SIGMA 8 (2012), 094, 707 pages      arXiv:1212.1785      https://doi.org/10.3842/SIGMA.2012.094
Contribution to the Special Issue “Mirror Symmetry and Related Topics”

### Minkowski Polynomials and Mutations

Mohammad Akhtar a, Tom Coates a, Sergey Galkin b and Alexander M. Kasprzyk a
a) Department of Mathematics, Imperial College London, 180 Queen's Gate, London SW7 2AZ, UK
b) Universität Wien, Fakultät für Mathematik, Garnisongasse 3/14, A-1090 Wien, Austria

Received June 14, 2012, in final form December 01, 2012; Published online December 08, 2012

Abstract
Given a Laurent polynomial f, one can form the period of f: this is a function of one complex variable that plays an important role in mirror symmetry for Fano manifolds. Mutations are a particular class of birational transformations acting on Laurent polynomials in two variables; they preserve the period and are closely connected with cluster algebras. We propose a higher-dimensional analog of mutation acting on Laurent polynomials f in n variables. In particular we give a combinatorial description of mutation acting on the Newton polytope P of f, and use this to establish many basic facts about mutations. Mutations can be understood combinatorially in terms of Minkowski rearrangements of slices of P, or in terms of piecewise-linear transformations acting on the dual polytope P* (much like cluster transformations). Mutations map Fano polytopes to Fano polytopes, preserve the Ehrhart series of the dual polytope, and preserve the period of f.
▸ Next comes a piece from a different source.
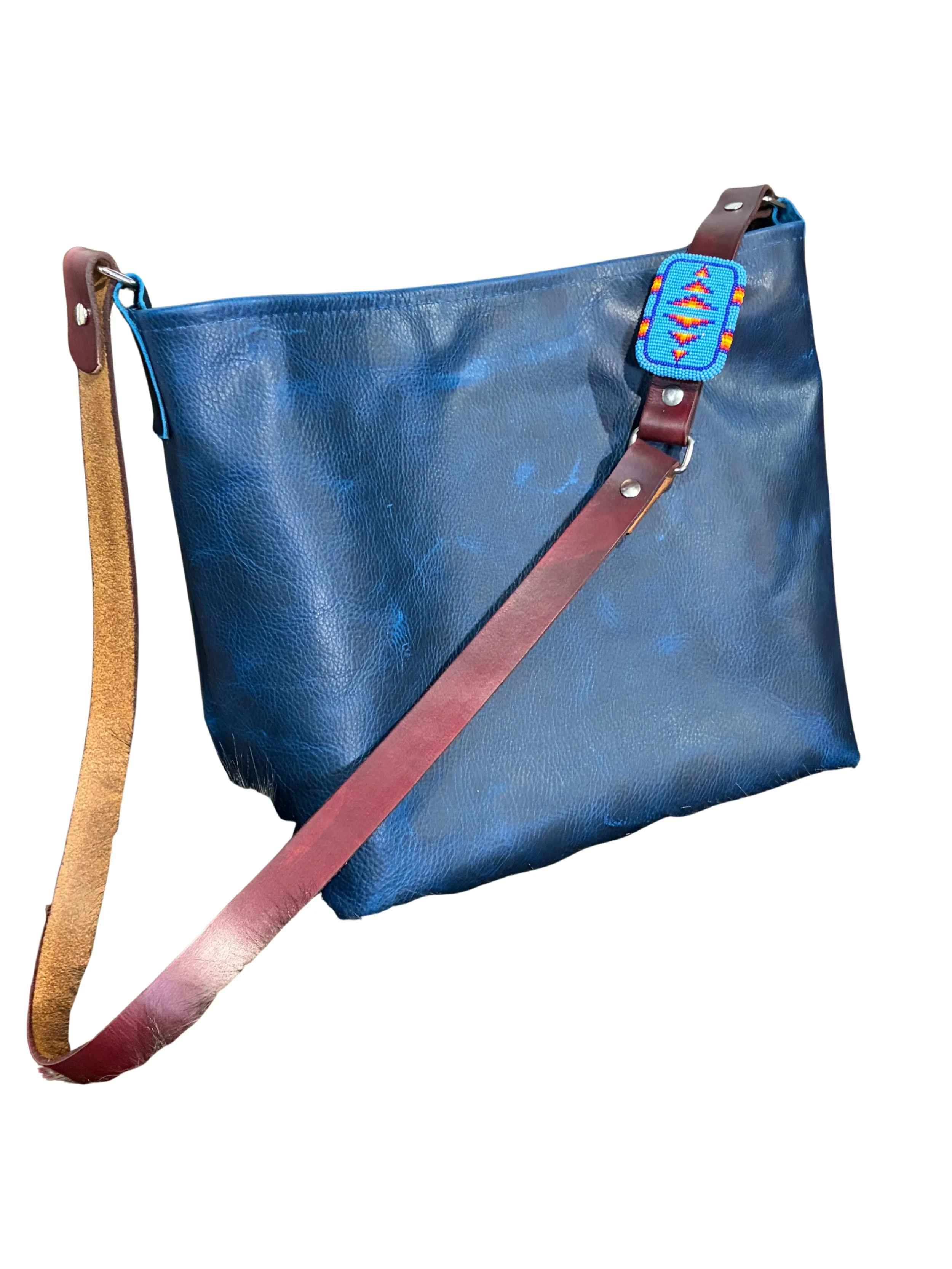 Large tote, cobalt blue with beaded belt buckle detail (buckle supplied by customer)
Finally we use our results to show that Minkowski polynomials, which are a family of Laurent polynomials that give mirror partners to many three-dimensional Fano manifolds, are connected by a sequence of mutations if and only if they have the same period.

Key words: mirror symmetry; Fano manifold; Laurent polynomial; mutation; cluster transformation; Minkowski decomposition; Minkowski polynomial; Newton polytope; Ehrhart series; quasi-period collapse.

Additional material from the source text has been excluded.